Bruce Bartlett is shocked to discover that a few economists, Murray Rothbard and myself included, are not default alarmists. His latest New York Times column is a strangely disjointed, hackneyed piece that simply lists people who have doubted the conventional wisdom that America Must Not Default at All Costs. Bartlett lumps together serious critics such as Rothbard, Ron Paul, James Buchanan, and Niall Ferguson with less serious people like Pat Robertson, Newt Gingrich, and Pat Buchanan, hoping to establish guilt by association. Naturally, he doesn’t offer any analysis or commentary. But he does quote Rothbard and, thankfully, his editors made him put in links to the originals so readers can check for themselves.
In 1992, the libertarian economist Murray Rothbard wrote an essay supporting debt repudiation, saying, “Why should we, struggling American citizens of today, be bound by debts created by a past ruling elite who contracted these debts at our expense?”

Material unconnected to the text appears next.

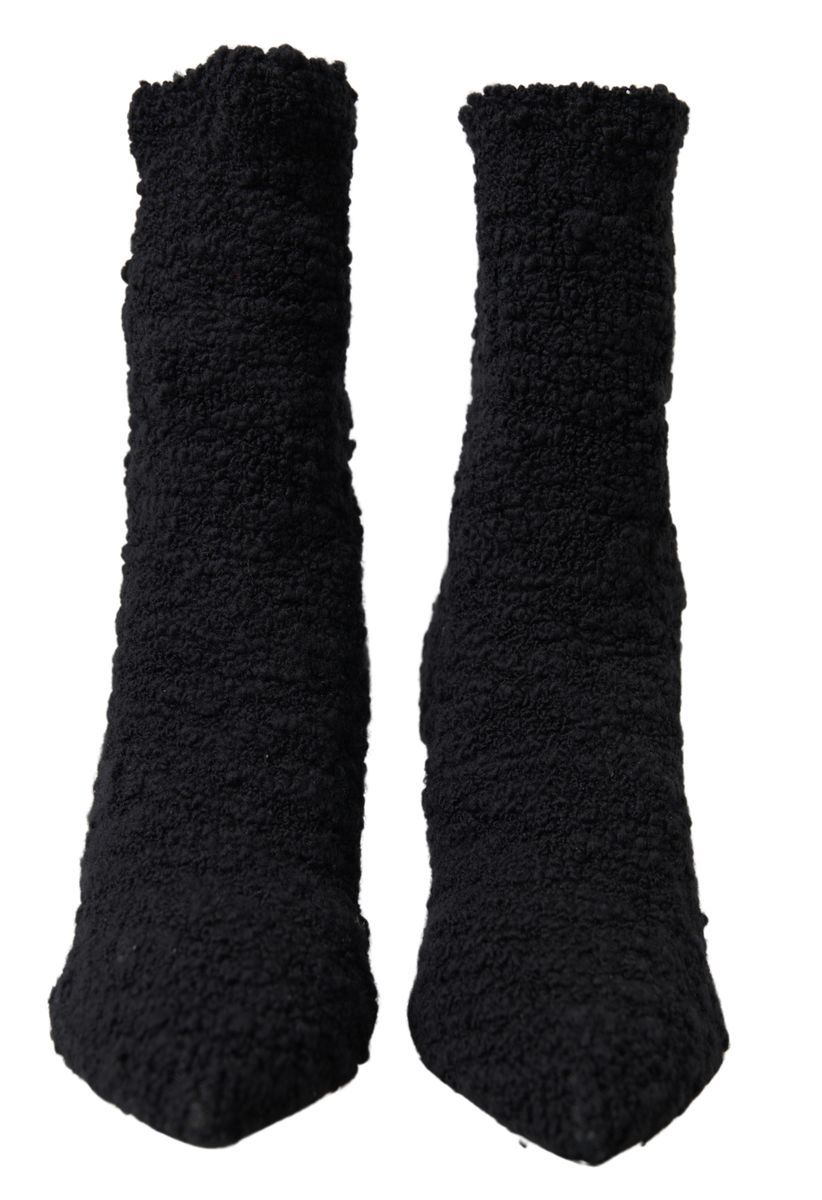 Dolce & Gabbana Elegant Virgin Wool Mid Calf Boots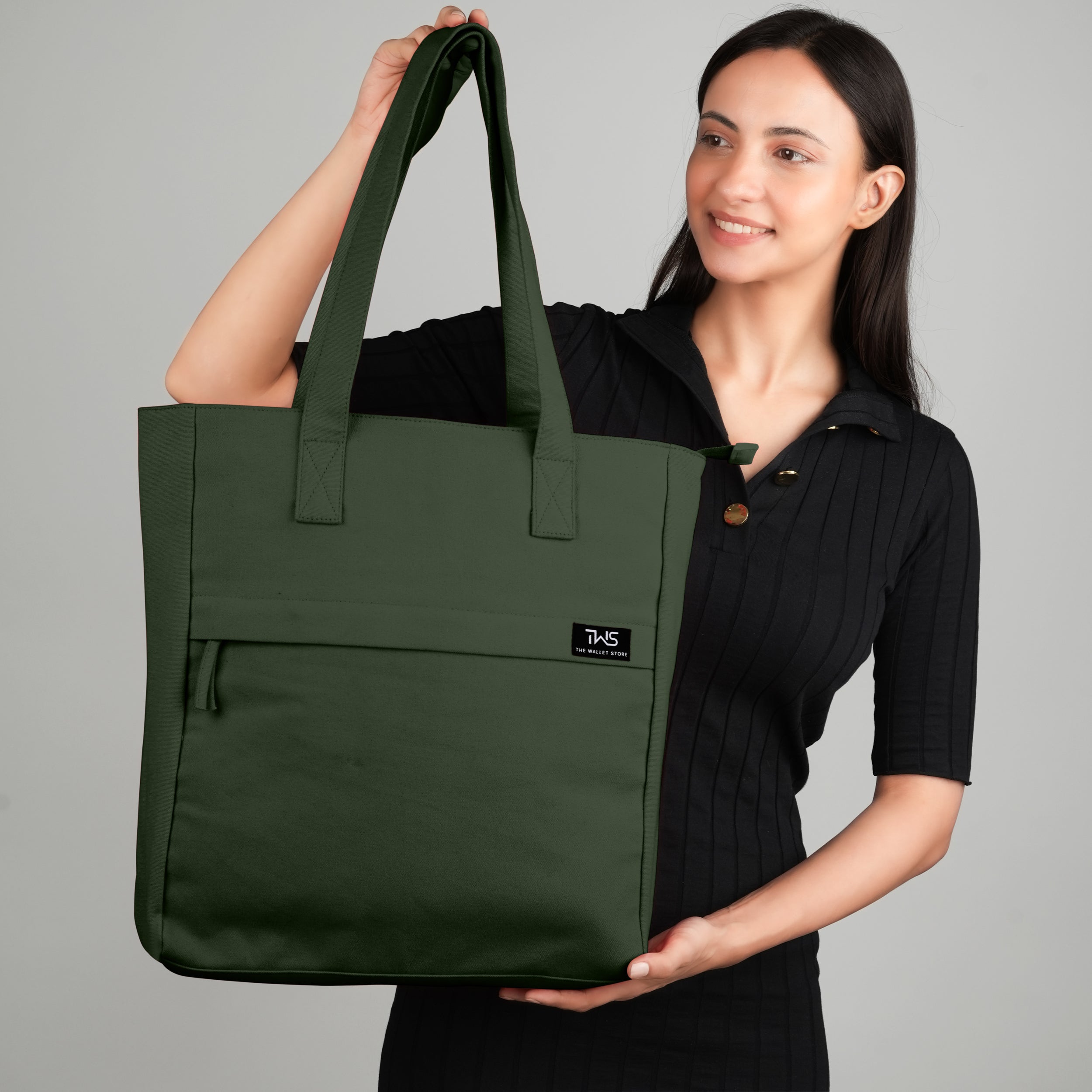 EVERYDAY VIBRANT CANVAS TOTE BAG - OLIVE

Just last year, the Rothbard essay was reprinted on the Web site of the Ludwig von Mises Institute, where Tea Party ideas often originate. A companion Web site run by Llewellyn H. Rockwell Jr., the president of the Mises Institute, often publishes articles advocating debt default by the economist Gary North and others. Just last week, it reprinted a 2011 essay by the University of Missouri economist Peter G. Klein saying that a Treasury default is no big deal.
That’s not exactly what I wrote but hey, at least he spelled my name correctly.